I assume he doesn't have a license , so no ......


----------



## DavyJones (11 Nov 2008)

jhegarty said:


> I assume he doesn't have a license , so no ......




I heard if your done for DD in one country, it only applies to that country. Any truth in that?


----------



## GA001 (11 Nov 2008)

Annunciata said:


> Required information on insuring a fully licenced Irish driver who permanently lives outside the state, however, he has a recent conviction for drink driving. His conviction was while driving a hired car and at the present he has no car insurance cover in this country. Is there an Insurance Company that will cover him?


 
The second poster questioned whether the individual is currently banned / has an active endorsement ? If he has been banned and is currently back on the road then an insurance company may cover him.
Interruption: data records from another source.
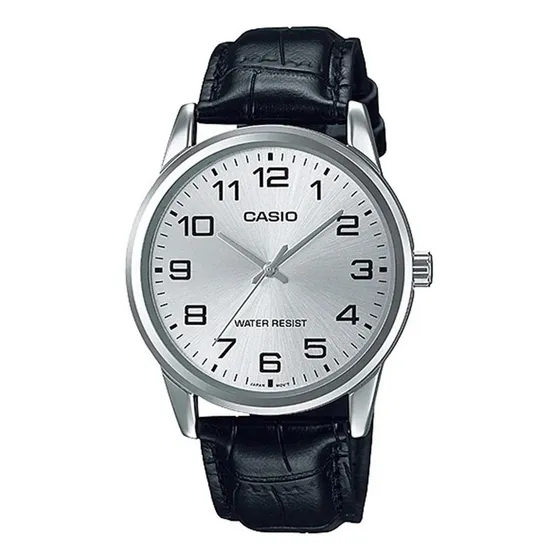 Reloj Casio MTP-V001GL-7BUDF con correa de cuero color negro y tablero color plateado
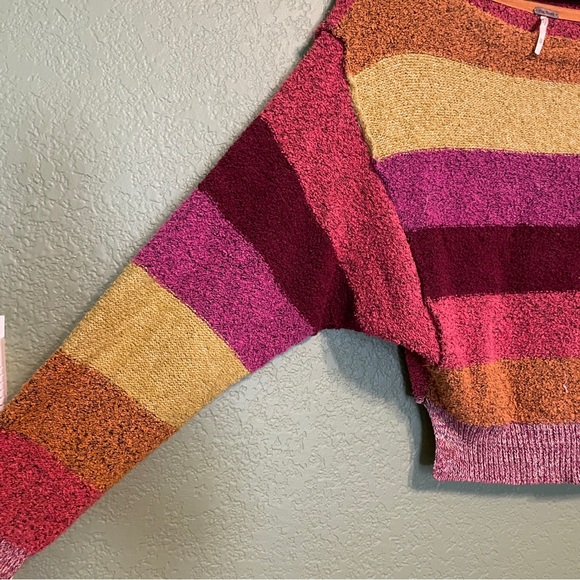 Free People Candyland Pullover striped Sweater  XS - Picture 3 of 5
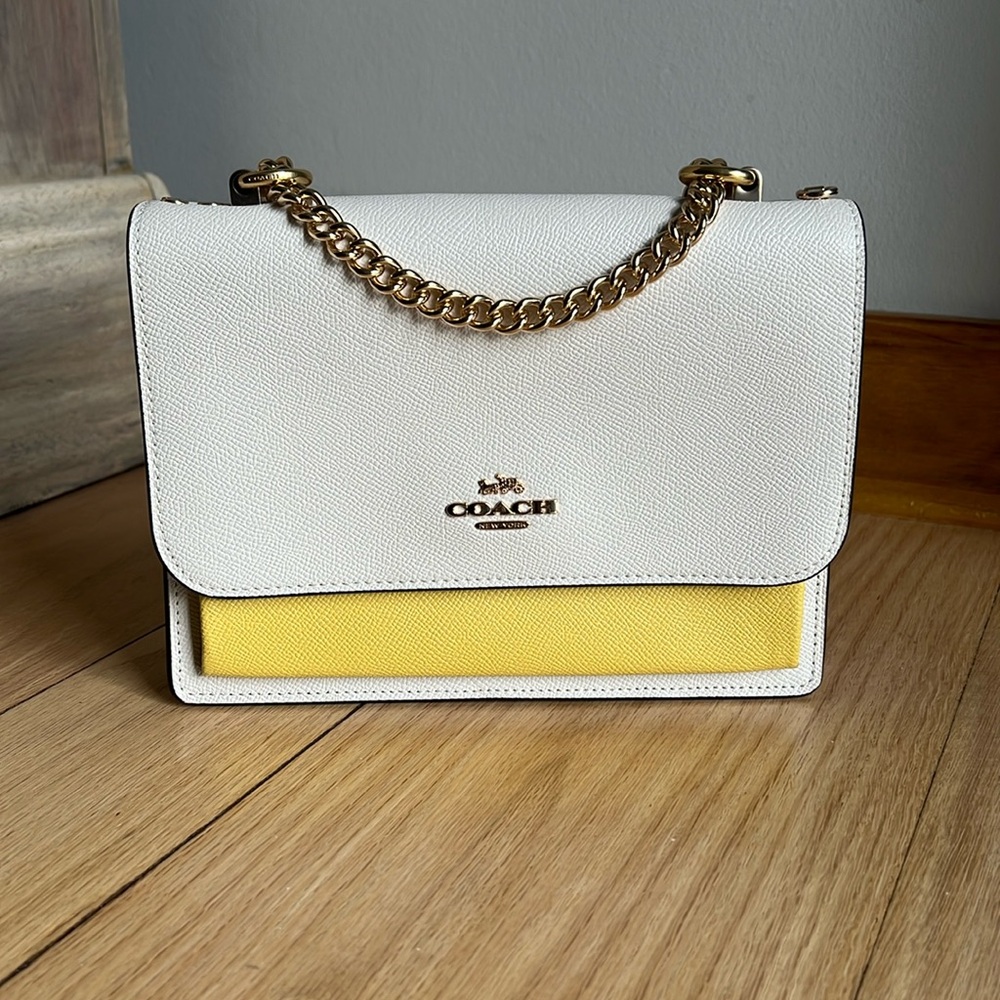 Coach Klaire Crossbody in Colorblock. Ivory leather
What is wrong with his current cover outside of the ROI ?



DavyJones said:


> I heard if your done for DD in one country, it only applies to that country. Any truth in that?


 
What are you reffering to ? in terms of insurance, if you have an endorsement on your licence outside of the ROI - then an insurance will apply terms / decline cover


----------



## Annunciata (12 Nov 2008)

Annunciata said:


> Required information on insuring a fully licenced Irish driver who permanently lives outside the state, however, he has a recent conviction for drink driving.  His conviction was while driving a hired car and at the present he has no car insurance cover in this country.  Is there an Insurance Company that will cover him?


To explain he does have an Irish Licence, he was caught drink driving in Ireland and his Irish Licence has been endorsed.  He has purchased a car for his use in Ireland when on holiday and so far has been unable to obtain insurance cover for the vehicle.  It appears that Insurance Companies are only obliged to cover a person who has previously has insurance cover with them.


----------



## briancbyrne (12 Nov 2008)

go to a broker and ask them to try St. Pauls


----------



## Jimbobp (12 Nov 2008)

ARB insurance, XS direct, St. Paul & possibly setanta insurance should quote for this risk. Most reputable brokers will have access to these companies.


www.powerinsurances.ie


----------



## GA001 (13 Nov 2008)

Annunciata said:


> To explain he does have an Irish Licence, he was caught drink driving in Ireland and his Irish Licence has been endorsed. He has purchased a car for his use in Ireland when on holiday and so far has been unable to obtain insurance cover for the vehicle. It appears that Insurance Companies are only obliged to cover a person who has previously has insurance cover with them.


 
Any company will insure him (under the DCA 2004)

Contact the IIF website will tell you everything.

Obtain letter from first company you approach, need 3 letters from 3 different insurers, approach first company with 3 letters - they are legally obliged to insure you (regardless whether they do motor insurance)


----------



## ailbhe (13 Nov 2008)

GA001 said:


> Any company will insure him (under the DCA 2004)
> 
> Contact the IIF website will tell you everything.
> 
> Obtain letter from first company you approach, need 3 letters from 3 different insurers, approach first company with 3 letters - they are legally obliged to insure you (regardless whether they do motor insurance)


 

this is true but the qotes might be ridiculous as they can pretty much load the policy by however much they want.

As statedabove, go to a broker. There are a few companies who will quote with a conviction and are usually competitive enough.


----------